I am Lucia; let me take hold of him who is asleep, that I may help to speed him on his way.
Lucia, who is the bearer of light in the darkness, carries Dante twice out of darkness, both the literal darkness as well as the metaphorical darkness, leading him towards salvation.
Seeing her depicted above in the colors of spring, still such a young maiden, I can’t help thinking of Persephone who descends into the darkness, into the underworld, to give comfort to the dead. With her blessing, the dead are calmed, their understanding complete. Is this not the same as bringing food to those in the catacombs, to carrying Dante out of darkness, to bringing light and insight, and hence comfort, to those who have lost their way? Lucy’s eyes, like the pomegranate seeds which Persephone ate, bind her to darkness, both this lack of outside light cannot keep either from seeing clearly. And both hold a shaft of wheat, symbolic of growth and life.
St. Lucia offers us all of this. She reminds us of the return of light to the world, a prelude of sorts to Solstice and then Christmas. In the midst of this cold, dark season, Lucia even echoes Spring and the resurrection of all things.

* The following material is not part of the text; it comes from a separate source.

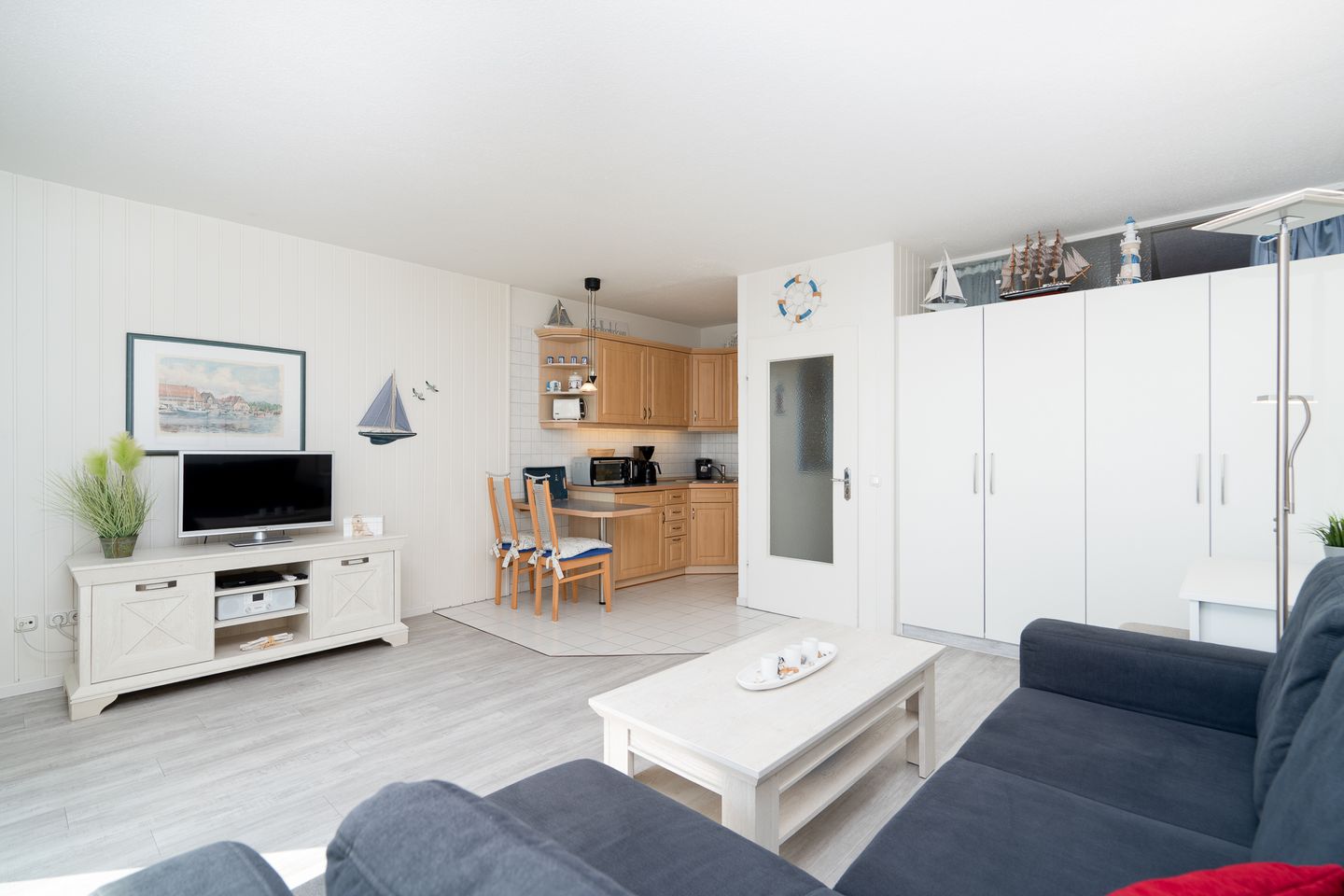 Ferienpark Sierksdorf Seaside-Koje Sierksdorf - Wohnzimmer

St. Lucia reminds us that we, too, can be bearers of light. We, too, will emerge from this darkness. And this, too, is comforting.

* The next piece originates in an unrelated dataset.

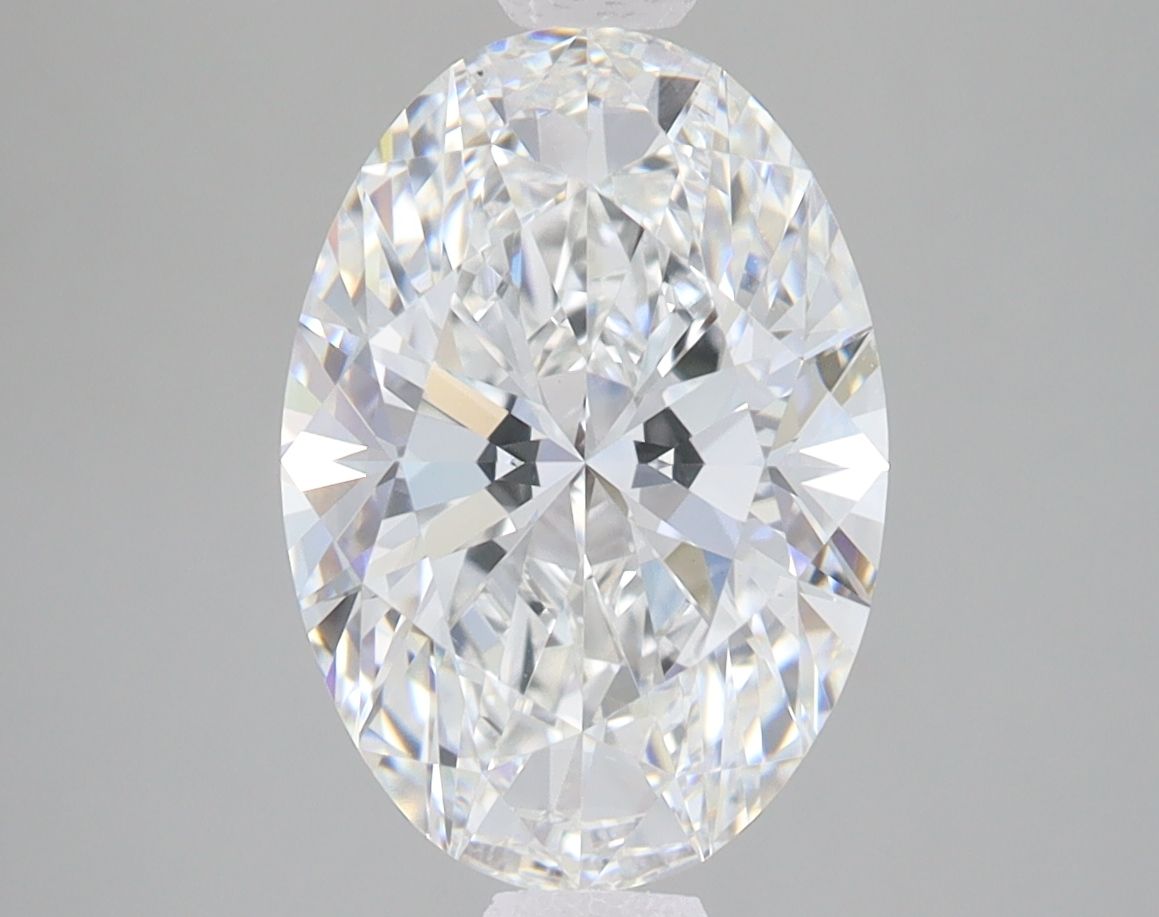 3.30 ct. oval Lab Grown Diamond front image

This Friday, December 13, I am donating my old glasses to Costco. Costco, in turn, shares them with Assist International who gives them to others in need. It’s a small gesture, of course, but appropriate for the day.

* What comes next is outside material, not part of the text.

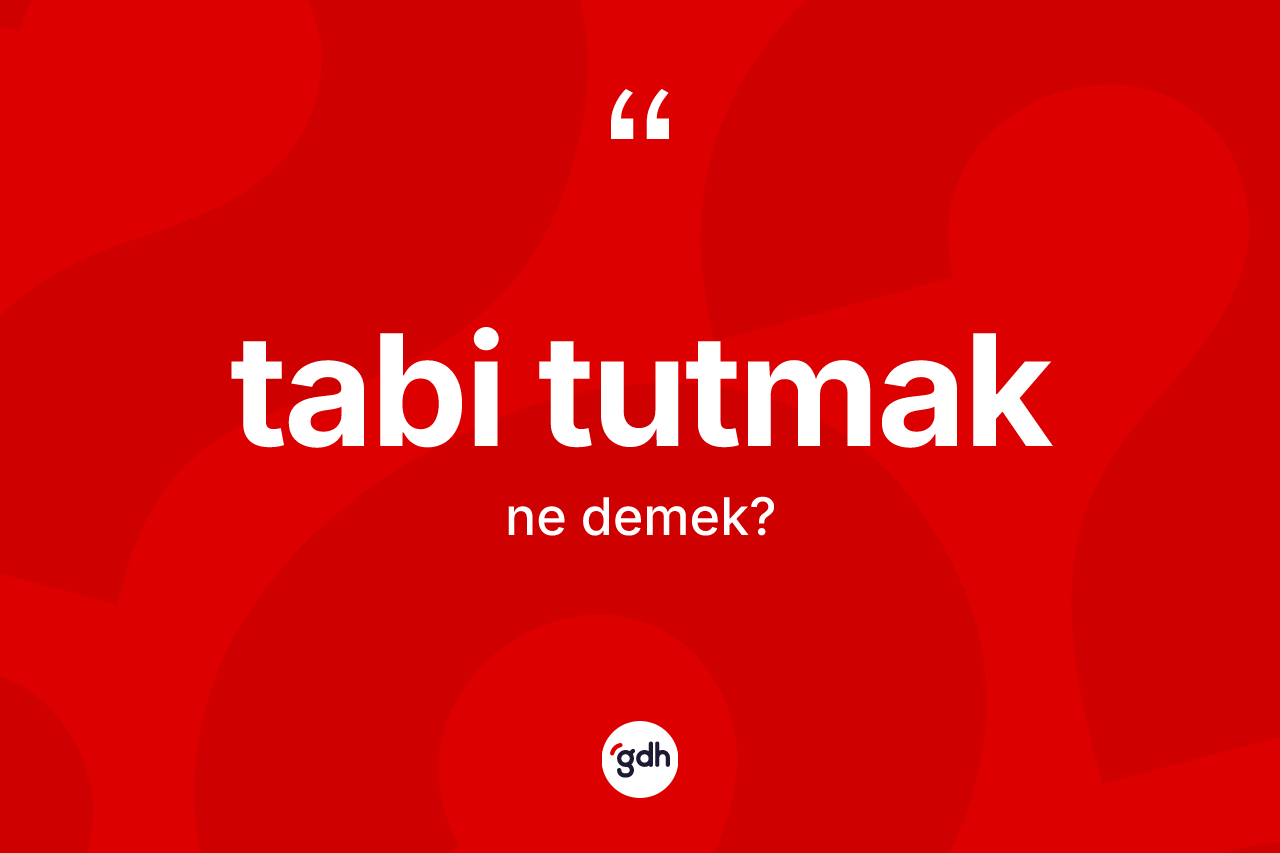 Tabi tutmak ifadesi nedir? Tabi tutmak ifadesi nerede kullanılır?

And when I get home, I will give thanks, light candles, and think of St. Lucia.
What about you?
Beautiful story of a saint and a strong woman who made sacrifices and helped others with her life. Thank you.
The eyes of her soul. This post was special to me, Jan, because of a serendipitous relationship I struck up with a society for the blind in a former Soviet republic:
https://switters.substack.com/p/the-eyes-have-it-a-rerun
I think Lucy would approve.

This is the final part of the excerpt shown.